* _What to do_:
Required from the data below: the exact lines starting at the line containing "Public piano in" and ending at the line containing "Hotel Hamilton Bedroom", with both ends kept and all pictures dropped.

* _Information provided_:
^^^^^^^^^^^^^^^^
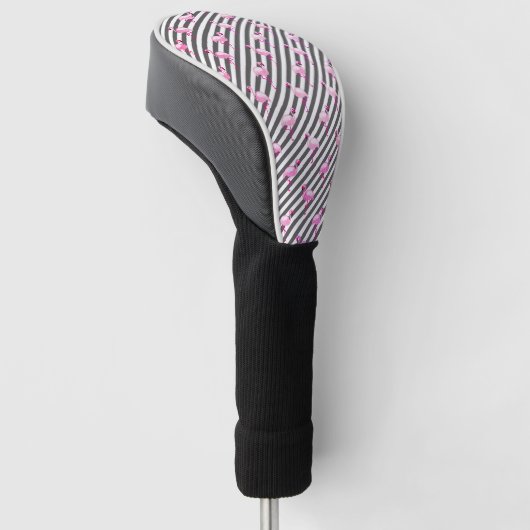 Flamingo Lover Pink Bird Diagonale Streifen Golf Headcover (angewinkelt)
^^^^^^^^^^^^^^^^
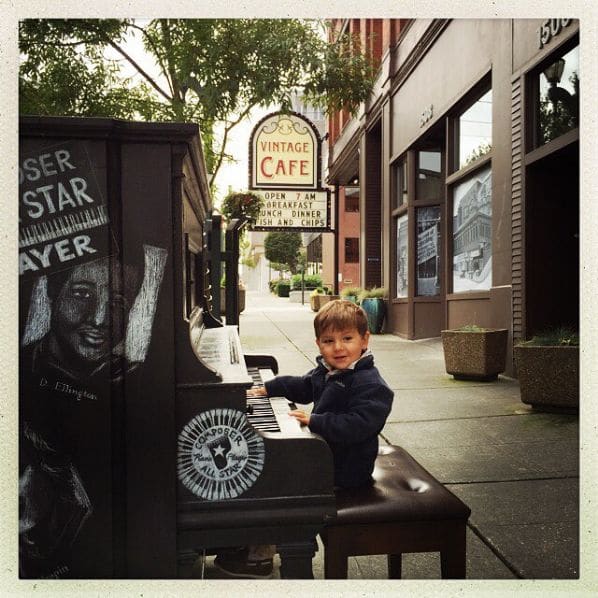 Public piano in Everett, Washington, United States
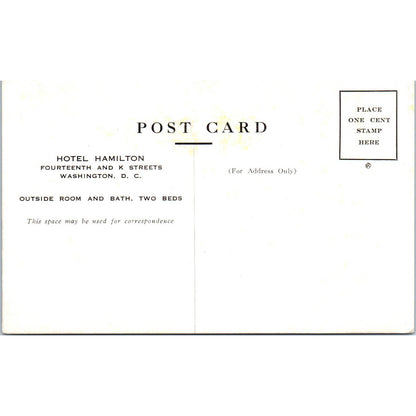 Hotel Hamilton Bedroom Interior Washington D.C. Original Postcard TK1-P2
^^^^^^^^^^^^^^^^
* _Exercise solution_:
 Public piano in Everett, Washington, United States
 Hotel Hamilton Bedroom Interior Washington D.C. Original Postcard TK1-P2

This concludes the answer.